START Recorded information
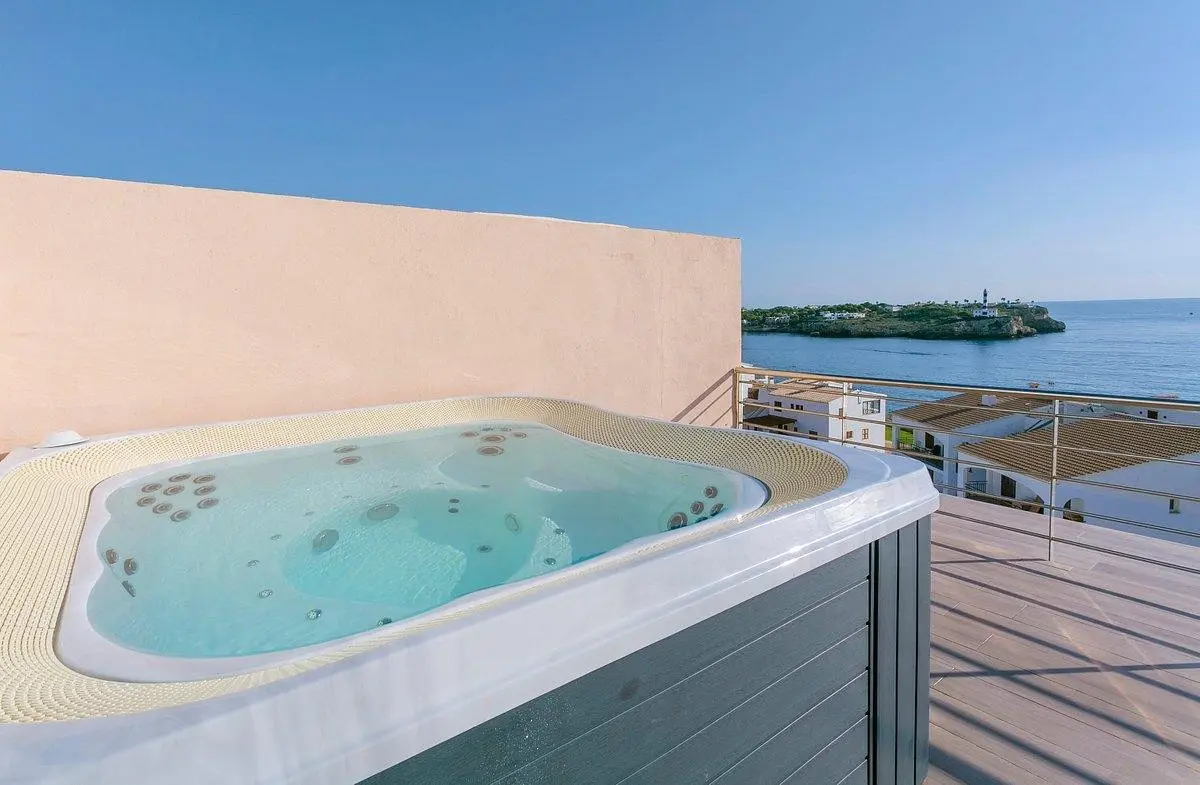 JS Cape Colom — JS CAPE COLOM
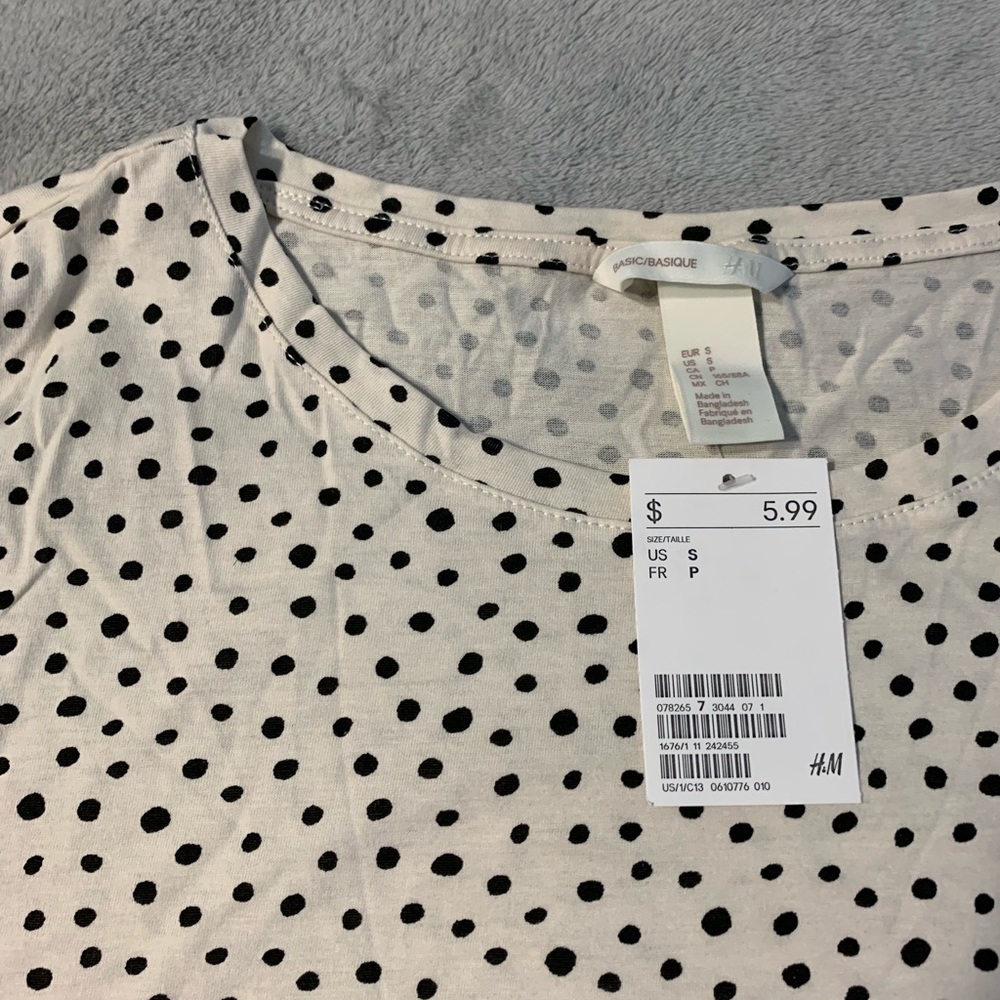 H&M Basic Womans Tee - Picture 2 of 2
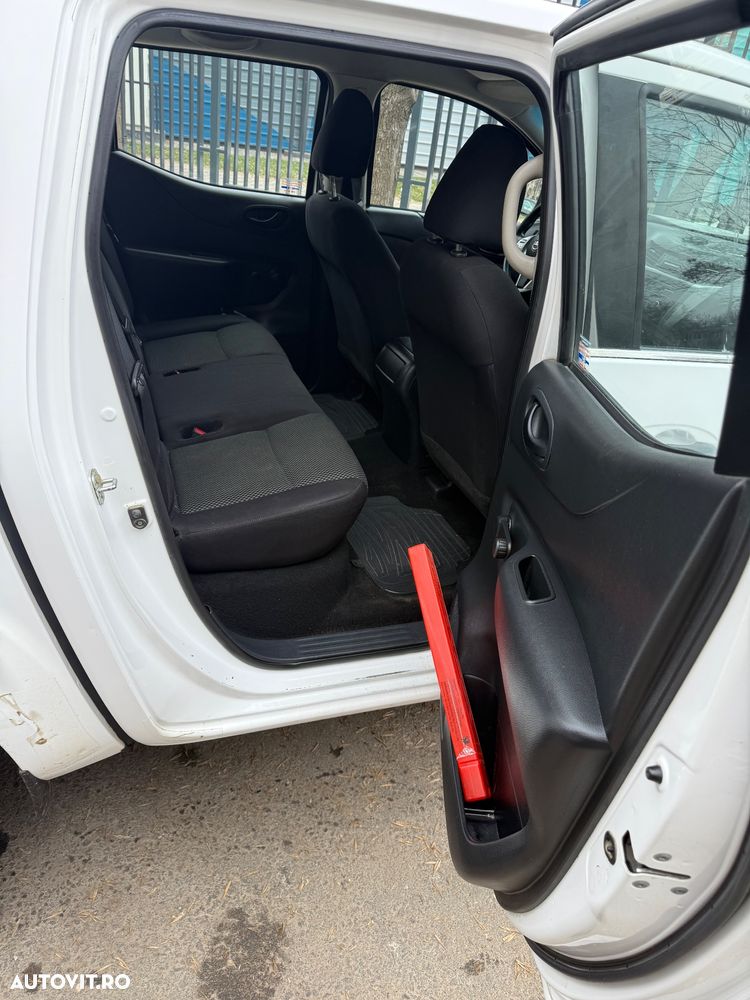 Nissan Navara Double Cab Acenta - 24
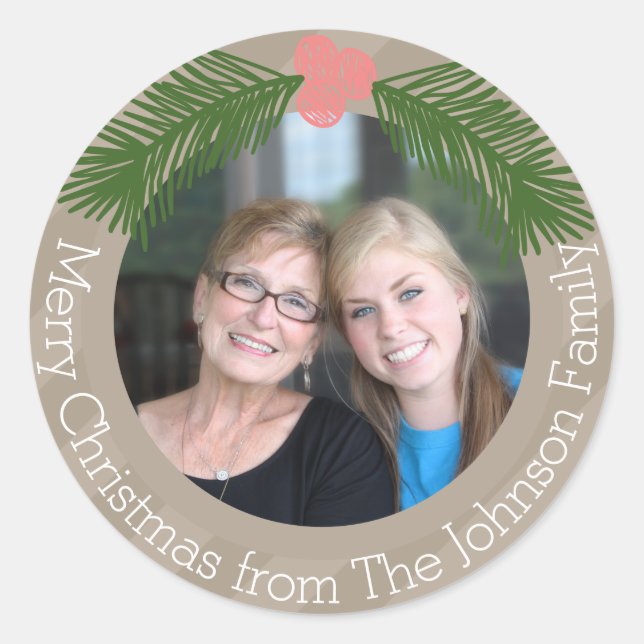 Foto mit Whimsical Holiday Berry Illustration Runder Aufkleber (Vorderseite)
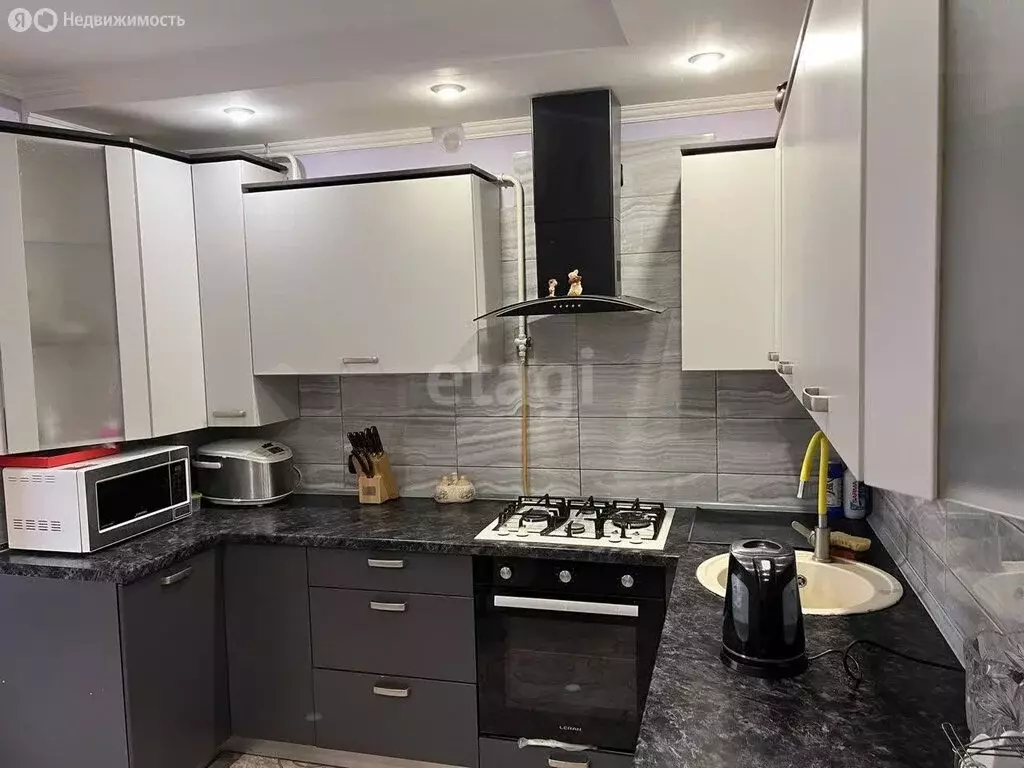 3-комнатная квартира: Джанкой, Проезжая улица, 164 (64.1 м) - Фото 1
END Recorded information
# Work instruction
Copy exactly, and copy nothing else: the lines from the one containing "Nissan Navara Double Cab Acenta - 24" through the end of the data, both ends included, with pictures left out.

# Your response
 Nissan Navara Double Cab Acenta - 24
 Foto mit Whimsical Holiday Berry Illustration Runder Aufkleber (Vorderseite)
 3-комнатная квартира: Джанкой, Проезжая улица, 164 (64.1 м) - Фото 1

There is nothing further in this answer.